_Task details_
Return exactly the lines of the records below, starting at the line that contains "Une robe t-shirt vert clair." and ending at the line that contains "Новые женские спортивные", with both of those lines kept.

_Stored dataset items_
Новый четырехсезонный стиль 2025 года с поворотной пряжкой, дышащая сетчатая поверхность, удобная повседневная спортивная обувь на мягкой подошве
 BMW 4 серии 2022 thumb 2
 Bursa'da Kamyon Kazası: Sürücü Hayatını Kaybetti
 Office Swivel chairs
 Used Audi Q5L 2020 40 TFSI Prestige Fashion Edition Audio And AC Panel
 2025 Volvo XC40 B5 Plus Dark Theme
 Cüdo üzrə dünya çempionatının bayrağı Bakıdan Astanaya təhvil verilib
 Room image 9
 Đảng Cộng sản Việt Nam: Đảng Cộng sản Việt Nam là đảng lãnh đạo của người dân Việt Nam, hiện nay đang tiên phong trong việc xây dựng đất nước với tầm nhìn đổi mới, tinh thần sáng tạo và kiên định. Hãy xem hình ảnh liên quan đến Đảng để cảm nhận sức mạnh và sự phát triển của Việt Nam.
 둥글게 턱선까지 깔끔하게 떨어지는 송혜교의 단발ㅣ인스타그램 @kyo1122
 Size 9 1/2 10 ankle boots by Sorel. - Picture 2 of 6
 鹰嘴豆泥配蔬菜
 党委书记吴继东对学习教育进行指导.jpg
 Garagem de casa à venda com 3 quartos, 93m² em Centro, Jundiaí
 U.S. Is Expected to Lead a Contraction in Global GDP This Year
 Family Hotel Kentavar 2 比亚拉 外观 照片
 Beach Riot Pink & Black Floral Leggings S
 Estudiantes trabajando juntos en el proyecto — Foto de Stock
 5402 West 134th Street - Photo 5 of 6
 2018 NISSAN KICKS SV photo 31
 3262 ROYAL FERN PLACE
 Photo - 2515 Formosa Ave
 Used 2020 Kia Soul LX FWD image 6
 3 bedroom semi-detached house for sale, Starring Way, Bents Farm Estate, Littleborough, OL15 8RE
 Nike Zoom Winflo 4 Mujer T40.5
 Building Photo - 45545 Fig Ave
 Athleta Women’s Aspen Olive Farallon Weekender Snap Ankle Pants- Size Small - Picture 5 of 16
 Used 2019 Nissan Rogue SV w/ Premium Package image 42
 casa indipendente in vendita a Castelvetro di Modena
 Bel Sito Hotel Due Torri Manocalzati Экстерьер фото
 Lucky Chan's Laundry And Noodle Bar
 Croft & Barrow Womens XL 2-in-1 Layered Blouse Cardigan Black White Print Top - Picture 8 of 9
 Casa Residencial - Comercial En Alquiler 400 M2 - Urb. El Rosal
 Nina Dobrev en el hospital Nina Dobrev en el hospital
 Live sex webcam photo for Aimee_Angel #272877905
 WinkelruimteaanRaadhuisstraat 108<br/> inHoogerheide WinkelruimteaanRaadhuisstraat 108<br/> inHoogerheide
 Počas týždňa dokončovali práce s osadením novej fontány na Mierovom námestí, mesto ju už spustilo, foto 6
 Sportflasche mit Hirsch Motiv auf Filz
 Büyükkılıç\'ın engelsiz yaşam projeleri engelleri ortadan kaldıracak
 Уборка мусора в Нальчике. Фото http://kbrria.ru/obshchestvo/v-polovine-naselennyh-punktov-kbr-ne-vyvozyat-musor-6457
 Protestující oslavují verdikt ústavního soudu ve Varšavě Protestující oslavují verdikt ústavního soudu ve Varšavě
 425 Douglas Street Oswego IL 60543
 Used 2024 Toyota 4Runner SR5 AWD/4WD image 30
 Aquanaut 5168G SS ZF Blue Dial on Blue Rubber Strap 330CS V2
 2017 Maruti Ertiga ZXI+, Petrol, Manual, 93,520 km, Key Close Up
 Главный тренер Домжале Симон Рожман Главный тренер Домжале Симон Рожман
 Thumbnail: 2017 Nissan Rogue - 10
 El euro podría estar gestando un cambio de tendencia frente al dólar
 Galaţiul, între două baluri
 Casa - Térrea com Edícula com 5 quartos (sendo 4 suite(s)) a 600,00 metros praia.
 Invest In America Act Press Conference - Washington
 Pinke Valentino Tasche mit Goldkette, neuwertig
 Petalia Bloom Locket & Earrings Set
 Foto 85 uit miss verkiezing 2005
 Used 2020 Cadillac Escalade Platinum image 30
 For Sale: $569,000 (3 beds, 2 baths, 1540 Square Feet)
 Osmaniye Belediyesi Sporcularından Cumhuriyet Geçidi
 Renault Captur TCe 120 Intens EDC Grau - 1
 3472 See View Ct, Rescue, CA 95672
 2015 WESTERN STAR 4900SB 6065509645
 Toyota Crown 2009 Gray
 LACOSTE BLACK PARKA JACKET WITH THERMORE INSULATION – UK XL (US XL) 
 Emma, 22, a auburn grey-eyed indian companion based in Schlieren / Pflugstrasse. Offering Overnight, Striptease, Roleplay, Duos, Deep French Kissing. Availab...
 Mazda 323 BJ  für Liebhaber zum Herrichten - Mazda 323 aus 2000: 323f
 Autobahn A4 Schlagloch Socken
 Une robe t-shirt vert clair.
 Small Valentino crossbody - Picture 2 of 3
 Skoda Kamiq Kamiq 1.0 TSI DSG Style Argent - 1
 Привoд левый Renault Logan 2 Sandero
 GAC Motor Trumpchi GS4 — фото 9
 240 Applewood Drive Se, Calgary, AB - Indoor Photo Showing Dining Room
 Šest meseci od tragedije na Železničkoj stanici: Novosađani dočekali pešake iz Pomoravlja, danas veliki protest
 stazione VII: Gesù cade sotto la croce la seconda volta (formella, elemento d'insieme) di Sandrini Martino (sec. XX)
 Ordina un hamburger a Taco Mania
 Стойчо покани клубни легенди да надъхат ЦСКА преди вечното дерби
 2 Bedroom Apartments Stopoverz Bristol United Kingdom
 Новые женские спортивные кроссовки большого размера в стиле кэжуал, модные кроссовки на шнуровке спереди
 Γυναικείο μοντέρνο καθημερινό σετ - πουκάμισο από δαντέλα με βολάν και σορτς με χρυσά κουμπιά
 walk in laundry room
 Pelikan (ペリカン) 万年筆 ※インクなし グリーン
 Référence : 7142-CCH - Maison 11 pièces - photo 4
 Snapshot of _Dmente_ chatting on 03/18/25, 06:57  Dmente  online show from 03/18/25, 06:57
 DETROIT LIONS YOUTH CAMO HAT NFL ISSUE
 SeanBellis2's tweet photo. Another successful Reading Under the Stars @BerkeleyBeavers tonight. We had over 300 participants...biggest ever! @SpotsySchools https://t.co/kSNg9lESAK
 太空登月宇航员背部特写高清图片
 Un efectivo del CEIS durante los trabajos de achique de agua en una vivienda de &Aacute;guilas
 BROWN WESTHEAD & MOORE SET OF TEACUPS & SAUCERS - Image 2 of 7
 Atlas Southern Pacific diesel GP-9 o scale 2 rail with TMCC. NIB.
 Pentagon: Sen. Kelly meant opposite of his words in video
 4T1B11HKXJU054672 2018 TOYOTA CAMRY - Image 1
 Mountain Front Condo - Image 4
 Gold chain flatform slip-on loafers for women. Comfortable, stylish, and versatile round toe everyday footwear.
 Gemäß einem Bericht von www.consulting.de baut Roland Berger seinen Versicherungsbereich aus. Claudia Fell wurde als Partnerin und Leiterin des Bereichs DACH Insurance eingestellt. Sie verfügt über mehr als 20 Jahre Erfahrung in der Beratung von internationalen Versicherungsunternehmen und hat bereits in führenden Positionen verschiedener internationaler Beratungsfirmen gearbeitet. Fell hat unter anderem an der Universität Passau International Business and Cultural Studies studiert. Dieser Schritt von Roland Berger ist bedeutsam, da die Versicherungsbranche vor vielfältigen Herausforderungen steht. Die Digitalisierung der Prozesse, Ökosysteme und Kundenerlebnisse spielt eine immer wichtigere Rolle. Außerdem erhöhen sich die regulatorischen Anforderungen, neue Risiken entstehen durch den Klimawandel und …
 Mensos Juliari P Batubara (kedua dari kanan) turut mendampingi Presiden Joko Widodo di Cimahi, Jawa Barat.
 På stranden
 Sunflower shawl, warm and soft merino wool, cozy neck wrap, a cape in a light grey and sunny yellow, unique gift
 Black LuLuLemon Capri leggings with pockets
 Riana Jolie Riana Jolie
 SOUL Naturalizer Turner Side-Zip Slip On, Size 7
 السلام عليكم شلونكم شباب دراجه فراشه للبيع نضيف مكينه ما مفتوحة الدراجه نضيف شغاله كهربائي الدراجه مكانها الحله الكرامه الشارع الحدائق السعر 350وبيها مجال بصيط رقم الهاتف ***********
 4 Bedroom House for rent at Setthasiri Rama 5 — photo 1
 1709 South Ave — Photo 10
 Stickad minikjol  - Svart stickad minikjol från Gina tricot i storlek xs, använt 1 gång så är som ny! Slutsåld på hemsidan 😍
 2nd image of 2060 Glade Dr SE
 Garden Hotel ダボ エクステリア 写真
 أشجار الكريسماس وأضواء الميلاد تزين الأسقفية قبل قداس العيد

_Output of the task_
 Une robe t-shirt vert clair.
 Small Valentino crossbody - Picture 2 of 3
 Skoda Kamiq Kamiq 1.0 TSI DSG Style Argent - 1
 Привoд левый Renault Logan 2 Sandero
 GAC Motor Trumpchi GS4 — фото 9
 240 Applewood Drive Se, Calgary, AB - Indoor Photo Showing Dining Room
 Šest meseci od tragedije na Železničkoj stanici: Novosađani dočekali pešake iz Pomoravlja, danas veliki protest
 stazione VII: Gesù cade sotto la croce la seconda volta (formella, elemento d'insieme) di Sandrini Martino (sec. XX)
 Ordina un hamburger a Taco Mania
 Стойчо покани клубни легенди да надъхат ЦСКА преди вечното дерби
 2 Bedroom Apartments Stopoverz Bristol United Kingdom
 Новые женские спортивные кроссовки большого размера в стиле кэжуал, модные кроссовки на шнуровке спереди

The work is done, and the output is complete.